To pursue the tanning agent, melanotan-I was licensed by Competitive Technologies, a technology transfer company operating on behalf of University of Arizona, to an Australian startup called Epitan, which changed its name to Clinuvel in 2006.

Early clinical trials showed that the peptide had to be injected about ten times a day due to its short half-life, so the company collaborated with Southern Research in the US to develop a depot formulation that would be injected under the skin, and release the peptide slowly. This was done by 2004.

Multiple studies on the clinical effects of afamelanotide were conducted. According to ClinicalTrials.gov, Clinuvel sponsored several trials between 2007 and 2011 to explore its effects on erythropoietic protoporphyria, vitiligo, polymorphous light eruption, solar urticaria and acne vulgaris. Additionally, one trial aimed to assess its role in preventing actinic keratosis in organ transplant recipients. Further trials were pursued for the first two conditions, while results for the latter three were not published. Following the initial trials, research efforts centered on erythropoietic protoporphyria, and due to the epidemiology of the condition.
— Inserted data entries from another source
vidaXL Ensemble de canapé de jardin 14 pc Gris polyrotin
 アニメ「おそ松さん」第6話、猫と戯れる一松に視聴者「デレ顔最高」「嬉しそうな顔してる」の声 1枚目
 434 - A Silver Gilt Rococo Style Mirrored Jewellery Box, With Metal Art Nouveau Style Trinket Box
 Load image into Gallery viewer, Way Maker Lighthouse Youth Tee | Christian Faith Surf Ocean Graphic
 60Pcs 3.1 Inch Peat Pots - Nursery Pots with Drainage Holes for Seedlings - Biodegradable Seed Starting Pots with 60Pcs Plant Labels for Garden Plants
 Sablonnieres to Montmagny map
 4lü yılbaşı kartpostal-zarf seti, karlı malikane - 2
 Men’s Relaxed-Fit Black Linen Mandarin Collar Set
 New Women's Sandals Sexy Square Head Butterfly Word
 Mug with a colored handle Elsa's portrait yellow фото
Clinuvel secured orphan drug for afamelanotide in both the US and the EU by 2010.

The first approval of afamelanotide came in May 2010 from the Italian Medicines Agency (AIFA, or Agenzia Italiana del Farmaco), followed by the European Medicines Agency (EMA) in January 2015. Both approvals were for the treatment of erythropoietic protoporphyria.

The US Food and Drug Administration (FDA) granted approval in October 2019 for the use of afamelanotide as a medication to alleviate pain caused by sun exposure in individuals with erythropoietic protoporphyria. This decision was largely based on three trials involving 244 adults aged 18–74 across 22 sites in the US and Europe, which had a focus on pain-free hours in sunlight, outdoor hours under varying light conditions, and side effects. The FDA designated it as a first-in-class medication, meaning it had a novel mechanism different from previously approved medications.

Between 2022 and 2023, trials were outlined to study the effects of afamelanotide on xeroderma pigmentosum and variegate porphyria, along with two additional trials exploring its impact on vitiligo. According to the register, as of April 2025, most of these trials are currently in the recruitment phase.

==Society and culture==
===Usage in general public===
A number of products are sold online and in gyms and beauty salons as "melanotan" or "melanotan-1" which discuss afamelanotide in their marketing.

Without a prescription, these drugs are not legally sold in many jurisdictions and are potentially dangerous.

Starting in 2007, health agencies in various countries began issuing warnings against their use.